** Opening THE DATA block **
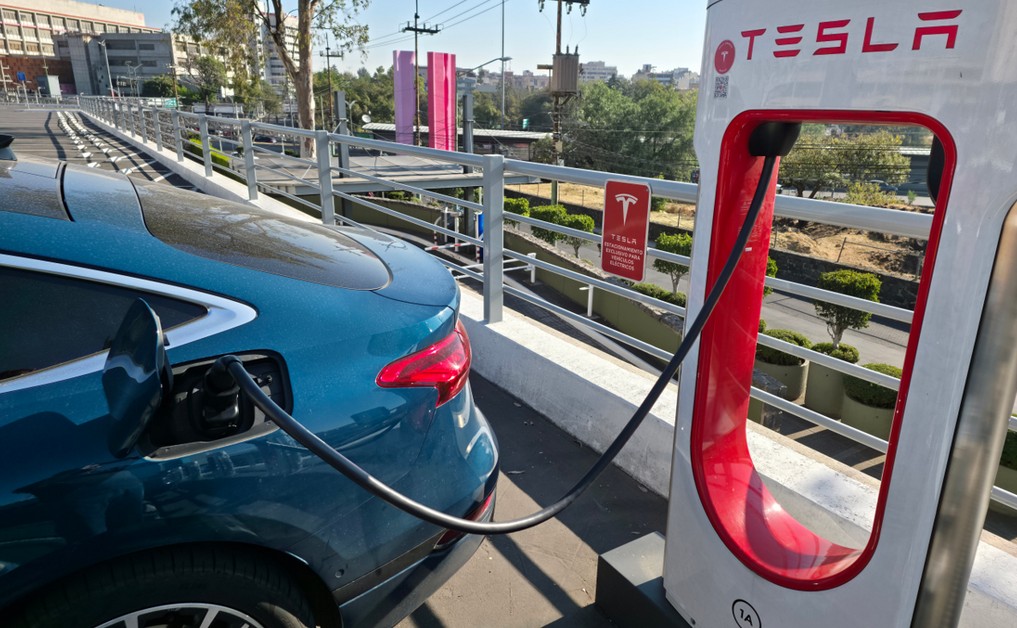 Audi y Tesla se unen para acelerar la movilidad eléctrica en México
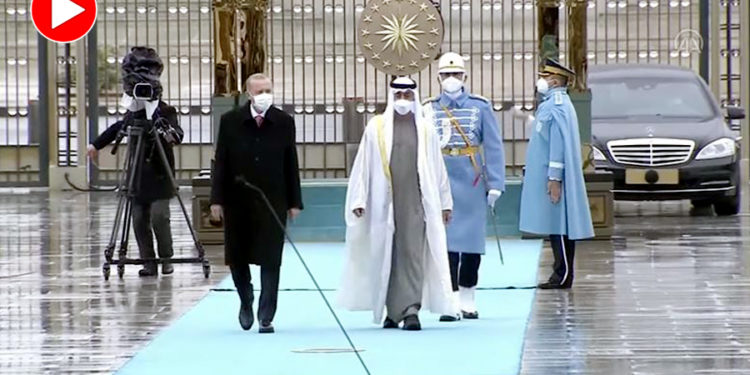 15 Temmuz’un arkasında olmakla suçlanan Abu Dabi Prensi, bahçe kapısında karşılandı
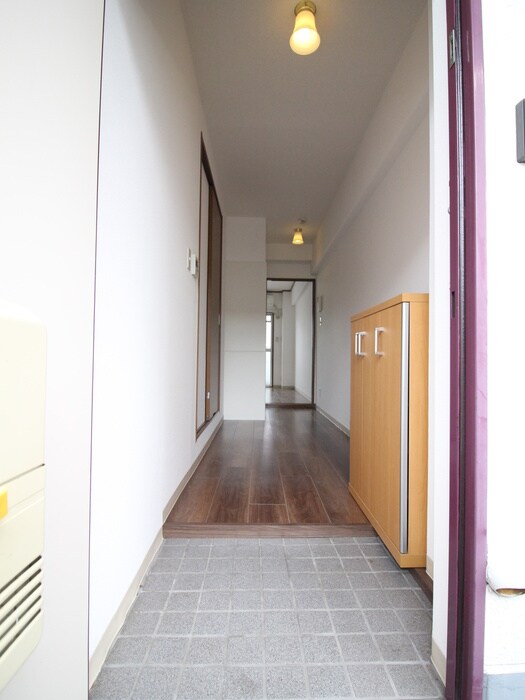 物件内観写真7　(玄関)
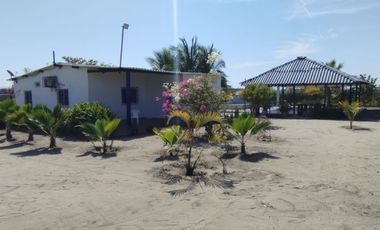 SE VENDE HERMOSA CASA CABAÑA EN LAS PLAYAS DE CIENAGA MAGDALENA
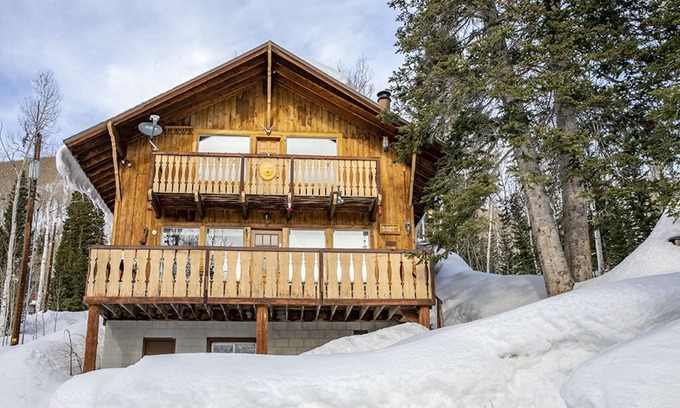 Salt Lake Mountain Resorts Cabina | Mountain View Chalet by Cottonwood Lodging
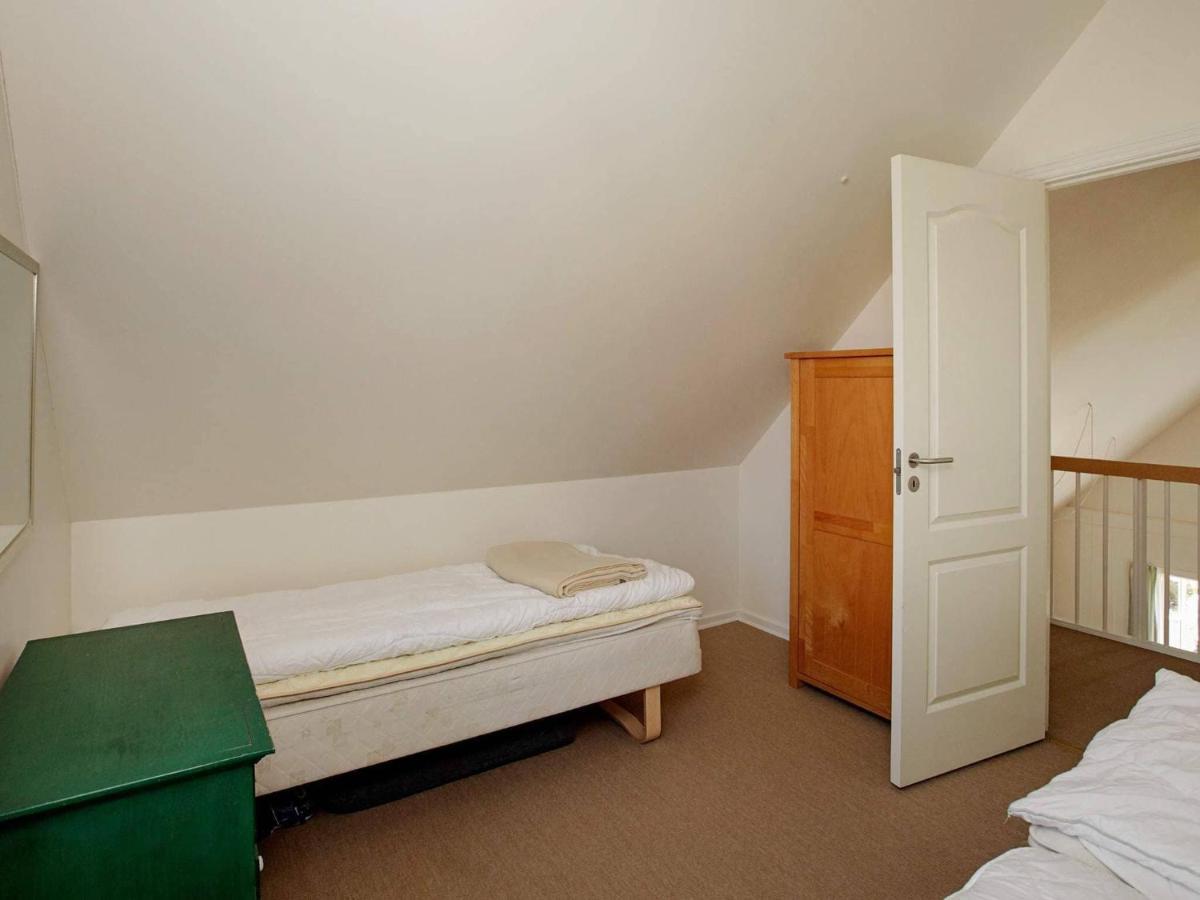 4 Person Holiday Home In Bl Vand Blåvand Extérieur photo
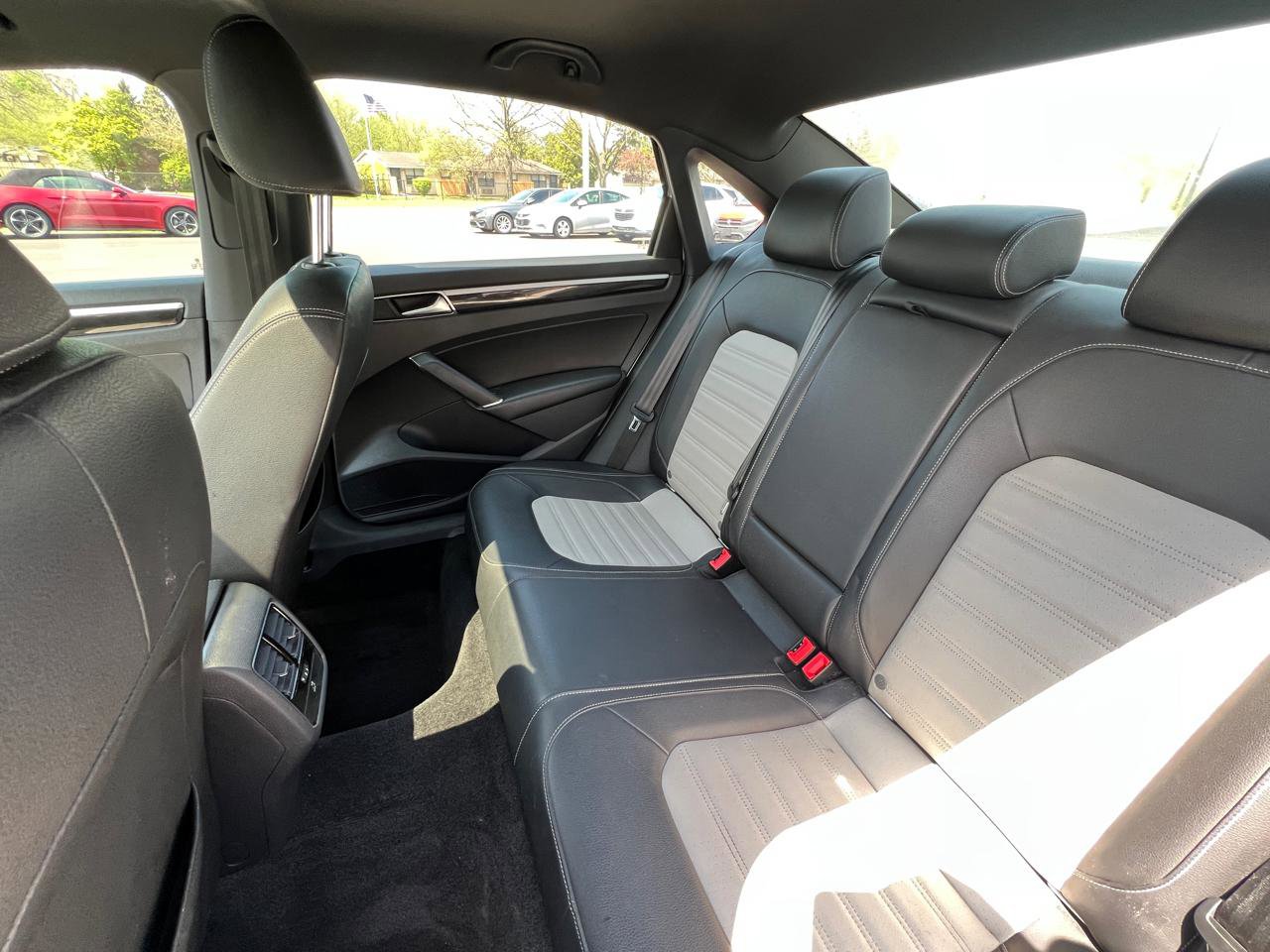 Used 2018 Volkswagen Passat 3.6 FWD image 30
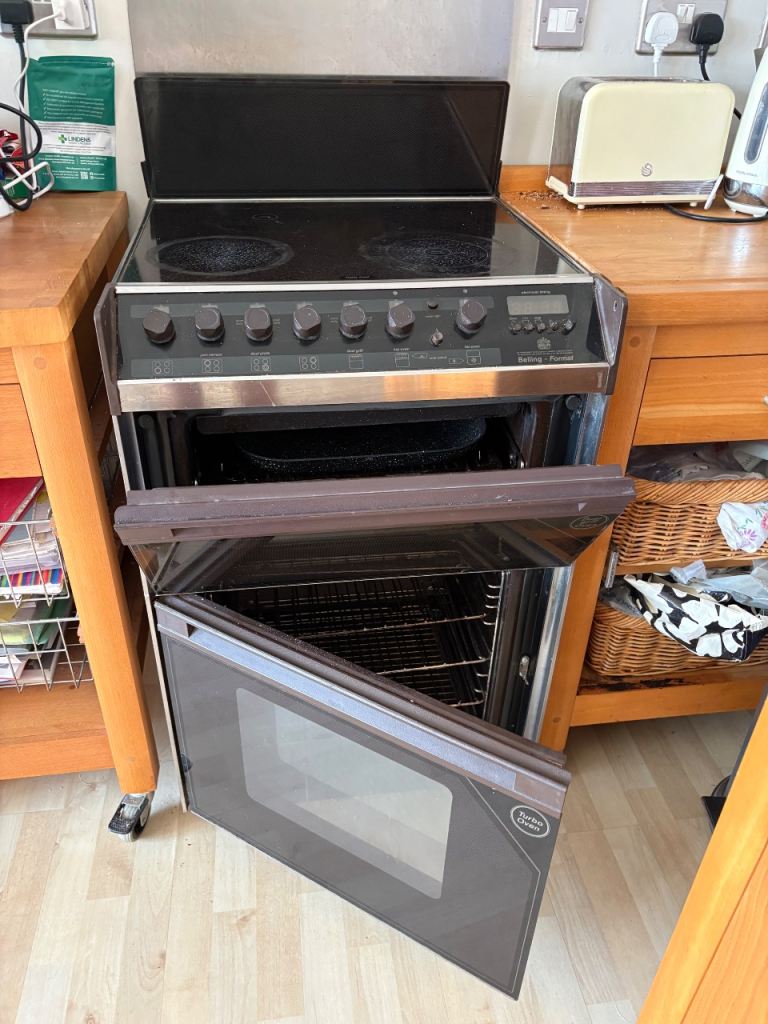 Electric Cooker - Freestanding (free)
** Closing THE DATA block **
◆ TRY IT
The records above should be reproduced exactly, with no pictures included.

◆ SOLUTION FOR THIS TASK
 Audi y Tesla se unen para acelerar la movilidad eléctrica en México
 15 Temmuz’un arkasında olmakla suçlanan Abu Dabi Prensi, bahçe kapısında karşılandı
 物件内観写真7　(玄関)
 SE VENDE HERMOSA CASA CABAÑA EN LAS PLAYAS DE CIENAGA MAGDALENA
 Salt Lake Mountain Resorts Cabina | Mountain View Chalet by Cottonwood Lodging
 4 Person Holiday Home In Bl Vand Blåvand Extérieur photo
 Used 2018 Volkswagen Passat 3.6 FWD image 30
 Electric Cooker - Freestanding (free)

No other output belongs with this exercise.